Filtering a dictionary based on the first occurence of the value elements

Question

So I have this tricky dictionary of tuples which I want to filter based on the first occurrence of the informative flag in the value elements. If the flag (which is the element occupying the first position of the tuple) is observed in other keys I will only retain only the first key-value pair in which it occurs and subsequent key-value pairs which contain the flag would be skipped.

old_dict = {'abc':[('abc', '1', '5'), ('def', '1', '5'), ('abcd', '2', '5')],
            'def':[('abc', '2', '5'), ('def', '1', '5'), ('abcd', '1', '5')],
            'ghi':[('ghi', '1', '5'), ('jkl', '1', '4'), ('mno', '2', '4')]}

I have struggled with a lot of attempts and this latest attempt does not produce anything meaningful.

flgset = set()
new_dict = {}

for elem, tp in old_dict.items():
       for flg in tp:
              flgset.add(flg[0])

counter = 0
for elem, tp in old_dict.items():
       for (item1, item2, item3) in tp:
              for flg in flgset:
                     if flg == item1:
                            counter = 1
                            new_dict[elem] = [(item1, item2, item3)]
                            break

Expected results should be:

new_dict = {'abc':[('abc', '1', '5'), ('def', '1', '5'), ('abcd', '2', '5')],
            'ghi':[('ghi', '1', '5'), ('jkl', '1', '4'), ('mno', '2', '4')]}

Thanks in advance.

Answer 1

Others may have more efficient ways to do this, but here's one solution that incorporates your intuitions that you need to loop over old_dict items and use a set:

for key, val in old_dict.items():
    if val[0][0] not in set([v[0][0] for v in new_dict.values()]):
        new_dict.update({key: val})

Here's a brief explanation of what's going on: First, val[0][0] is the "informative flag" from your dictionary entry (i.e. the first item of the first tuple in the entry list). set([v[0][0] for v in new_dict.values()]) will give you the unique values of that flag in your new dictionary.
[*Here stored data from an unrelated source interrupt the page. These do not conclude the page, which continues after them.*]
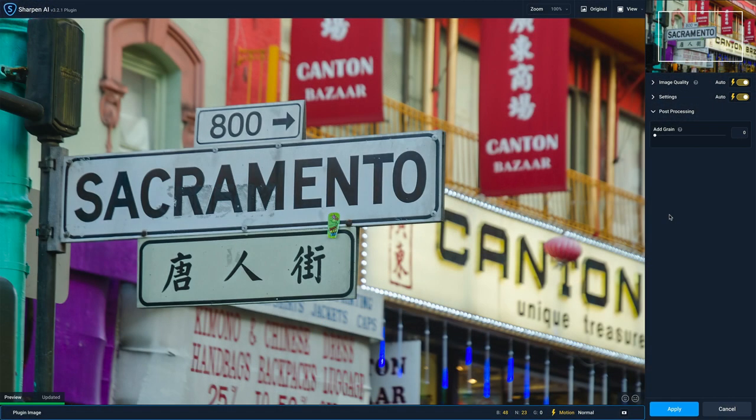What I want to do first is take a look at the Sharpen AI interface. We'll cover the preferences you should check and then generally how the tool works, then go through some examples.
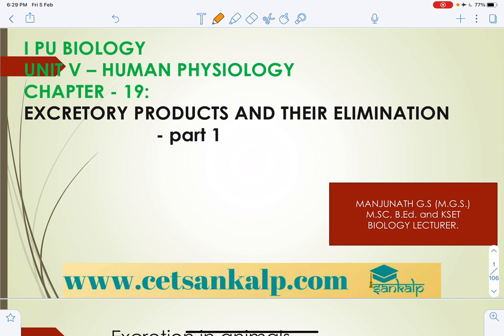Namaste friends, welcome to the biology session. This is Manjanaat Gowda S. Today we're going to discuss the chapter 'Excretory Products and their Elimination.' Excretory products include waste nitrogenous materials and other excess materials produced in the body.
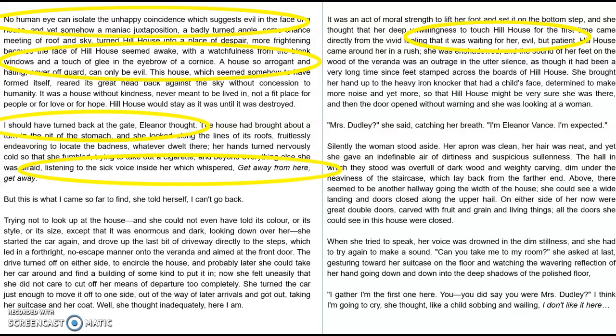'But this is what I came so far to find,' she told herself, 'I can't go back.' We're looking at the structure of that sentence — subordinate clause into main clause into main clause. Interesting as well that we get 'she told herself, I can't go back' at the end of the sentence. What that leads us into is, as a reader, we are manipulated into thinking — well, why can't she go back? Has the house taken hold, because we know it's alive because we were told at the start?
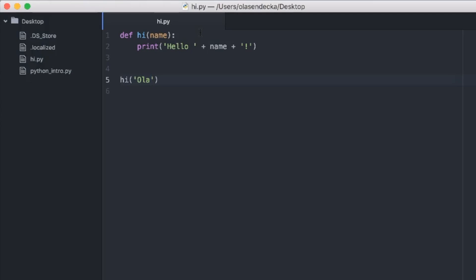We already have the function 'hi' that we wrote in one of the previous episodes. So far when we run it, we had to call it at the end of the file — like here we have 'hi Ola'. What we would like to do instead is to wait for the user to give us a value and then run it with the text she provides.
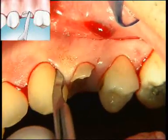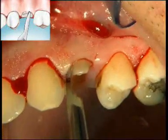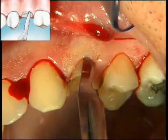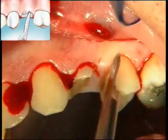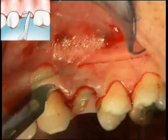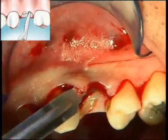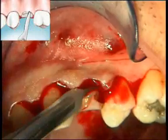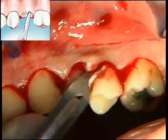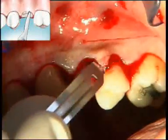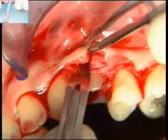After local anaesthetic, an intrasulcular incision is made with the aim of preserving the quantity of keratinised tissue present, extending into the sulcus of the two neighbouring teeth — respectively the canine and first molar — thinning the respective mesial and distal papillae. A partial thickness flap is carried out until the mucogingival junction is reached and then going beyond it by a few millimetres, thus acquiring extreme mobility which will allow an adequate and desired apical positioning.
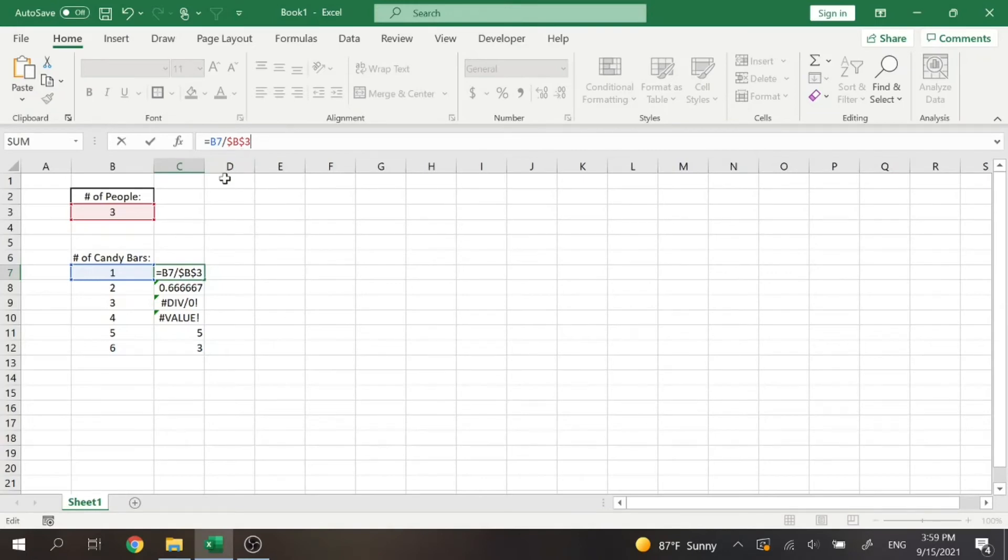So if that keyboard function didn't work on your computer, you simply can just type in dollar signs and it'll work the same.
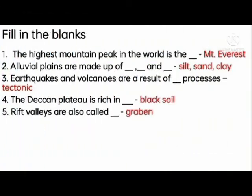Classics Social Geography Lesson 19: Major Relief Features of the World — Fill in the blanks.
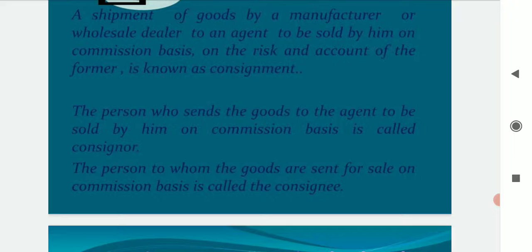The person to whom the goods are sent is known as consignee or agent. For example, Vidya of Chennai sent 500 TV sets to Malati of Trichy to sell at Vidya's risk. The transaction between Vidya and Malati is a consignment transaction.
The inner part is a list comprehension to get all the "flags" and then set will give a unique list. The last line just uses the update method to append to it.

REVISED ANSWER

@VinayPai raises two important issues below in the comments. First, this code is inefficient because it reconstructs the test set each time. Here's the more efficient way he suggests:

flag_list = set()
for key, val in old_dict.items():
    if val[0][0] not in flag_list:
        new_dict.update({key: val})
        flag_list.add(val[0][0])

The second issue is that this will produce inconsistent results because dictionaries are not ordered. One possible solution is to use an OrderedDict. But as @SyntaxVoid suggests, this is only necessary if you're using Python3.5 or earlier (here is a great answer discussing the change). If you can create your data in this fashion, it would solve the problem:

from collections import OrderedDict
old_dict = OrderedDict{'abc':[('abc', '1', '5'), ('def', '1', '5'), ('abcd', '2', '5')],
                       'def':[('abc', '2', '5'), ('def', '1', '5'), ('abcd', '1', '5')],
                       'ghi':[('ghi', '1', '5'), ('jkl', '1', '4'), ('mno', '2', '4')]}

Answer 2

If i get you correctly, the following should do what you want:

flgset = set()
new_dict = {}

for k, tuple_list in old_dict.items():

    # if the key is not in flgset, just keep the k, tuple_list pair
    if k not in flgset:
        new_dict[k] = tuple_list

        # update the elements into flgset
        # item in this case is ('abc', '2', '5'), 
        # since you only want to add the first element, use item[0]
        for item in tuple_list:
            flgset.add(item[0])

Output as such:

new_dict = {'abc': [('abc', '1', '5'), ('def', '1', '5'), ('abcd', '2', '5')],
            'ghi': [('ghi', '1', '5'), ('jkl', '1', '4'), ('mno', '2', '4')]}

flgset = {'abc', 'abcd', 'def', 'ghi', 'jkl', 'mno'}